### WHAT YOU WILL DO
Return each line below exactly as it reads, and omit any image in it.

◇ ◇ ◇

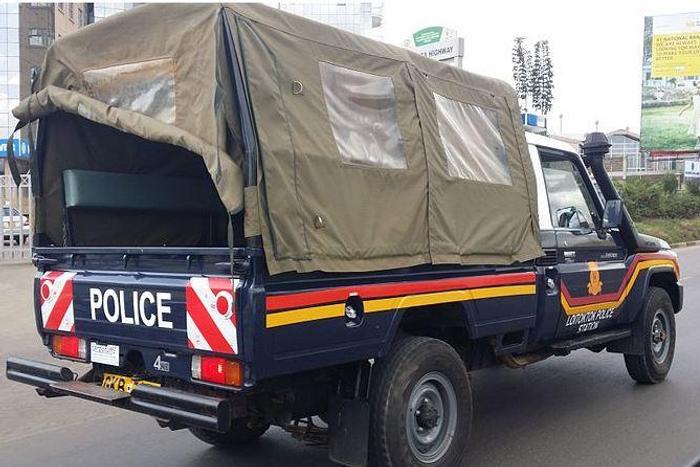 File image of a police veicle during a patrol by police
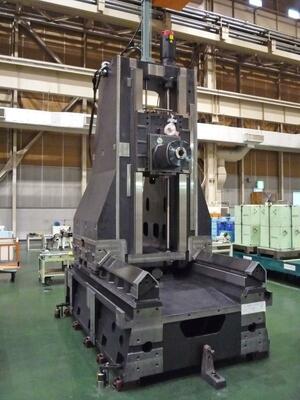 ニイガタマシンテクノが受注した横型マシニングセンターの内部（ニイガタマシンテクノ提供）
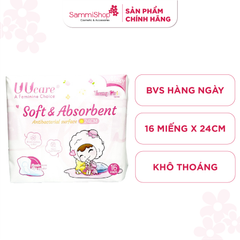 Uucare Young Girl BVS kháng khuẩn ban ngày 24cm x 16 miếng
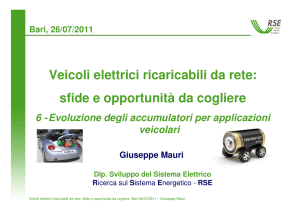 Veicoli elettrici ricaricabili da rete: sfide e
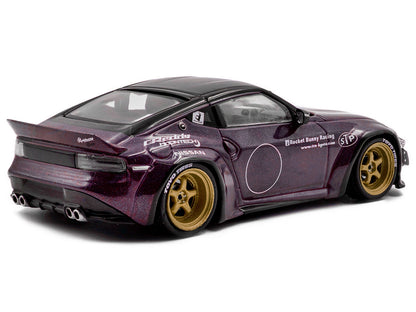 2022 Nissan Pandem Fairlady Z RHD (Right Hand Drive) Purple Metallic with Black Top 1/43 Diecast Model Car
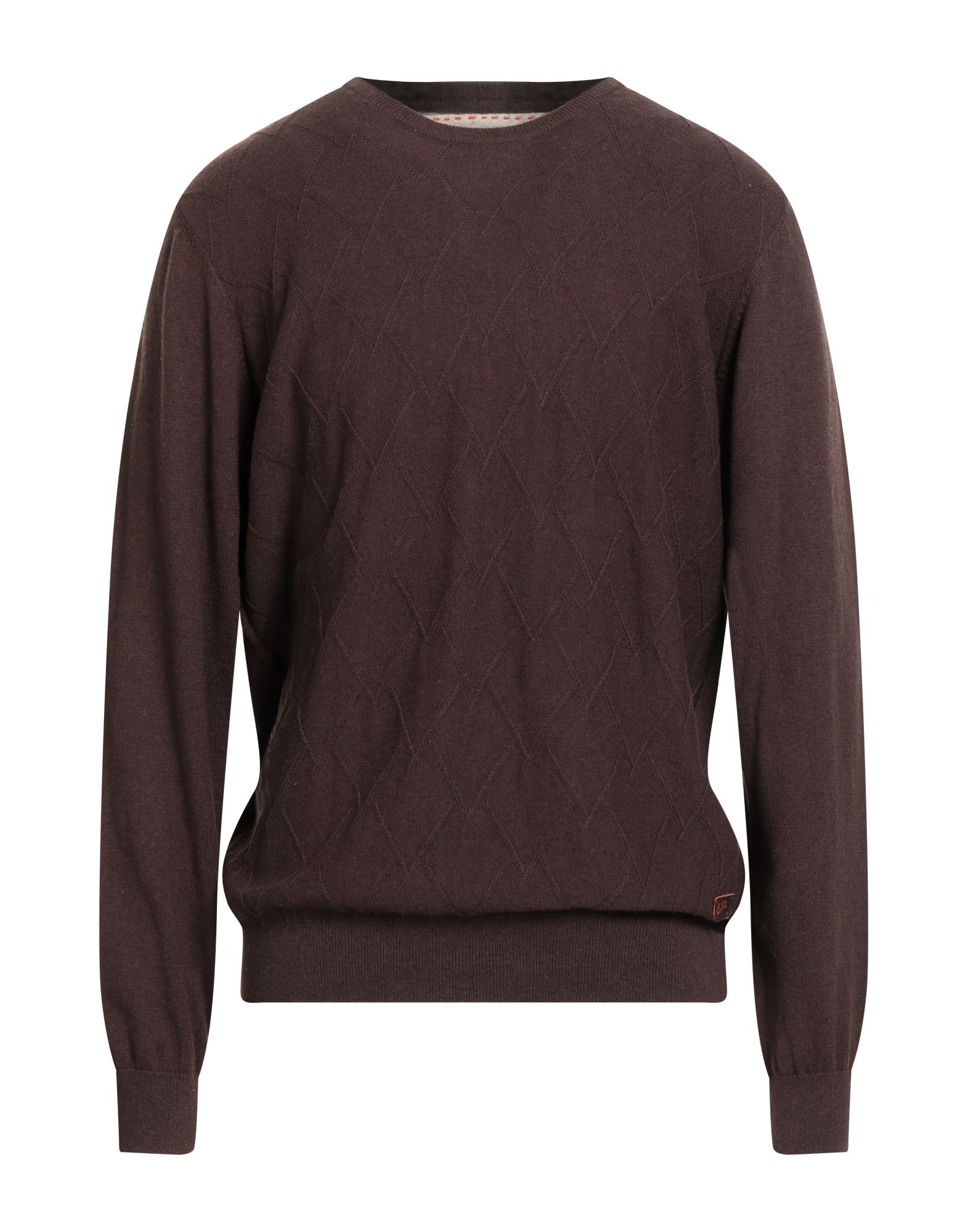 YES ZEE by ESSENZA Pullover Herren Dunkelbraun von YES ZEE by ESSENZA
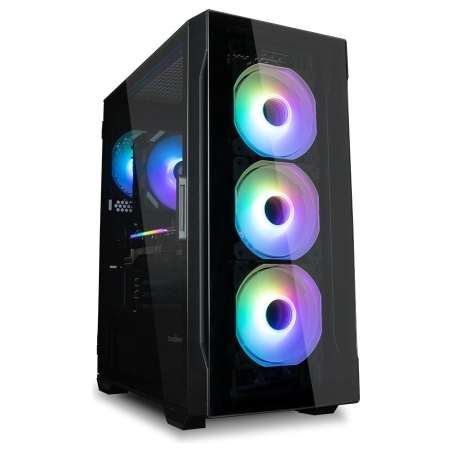 Zalman I3 NEO TG Black, RGB fan x4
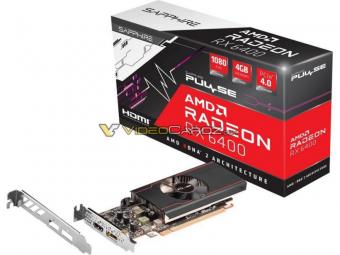 蓝宝石推AMD Radeon RX 6400 PULSE显卡 768个流处理器和12个Ray加速器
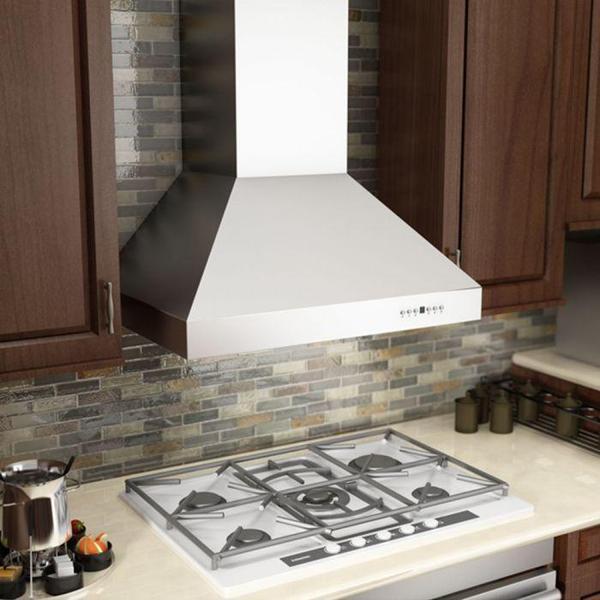 ZLINE 42 in. Professional Ducted Wall Mount Range Hood in Stainless Steel, 667-42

◇ ◇ ◇

### SOLUTION FOR THIS PROBLEM
 File image of a police veicle during a patrol by police
 ニイガタマシンテクノが受注した横型マシニングセンターの内部（ニイガタマシンテクノ提供）
 Uucare Young Girl BVS kháng khuẩn ban ngày 24cm x 16 miếng
 Veicoli elettrici ricaricabili da rete: sfide e
 2022 Nissan Pandem Fairlady Z RHD (Right Hand Drive) Purple Metallic with Black Top 1/43 Diecast Model Car
 YES ZEE by ESSENZA Pullover Herren Dunkelbraun von YES ZEE by ESSENZA
 Zalman I3 NEO TG Black, RGB fan x4
 蓝宝石推AMD Radeon RX 6400 PULSE显卡 768个流处理器和12个Ray加速器
 ZLINE 42 in. Professional Ducted Wall Mount Range Hood in Stainless Steel, 667-42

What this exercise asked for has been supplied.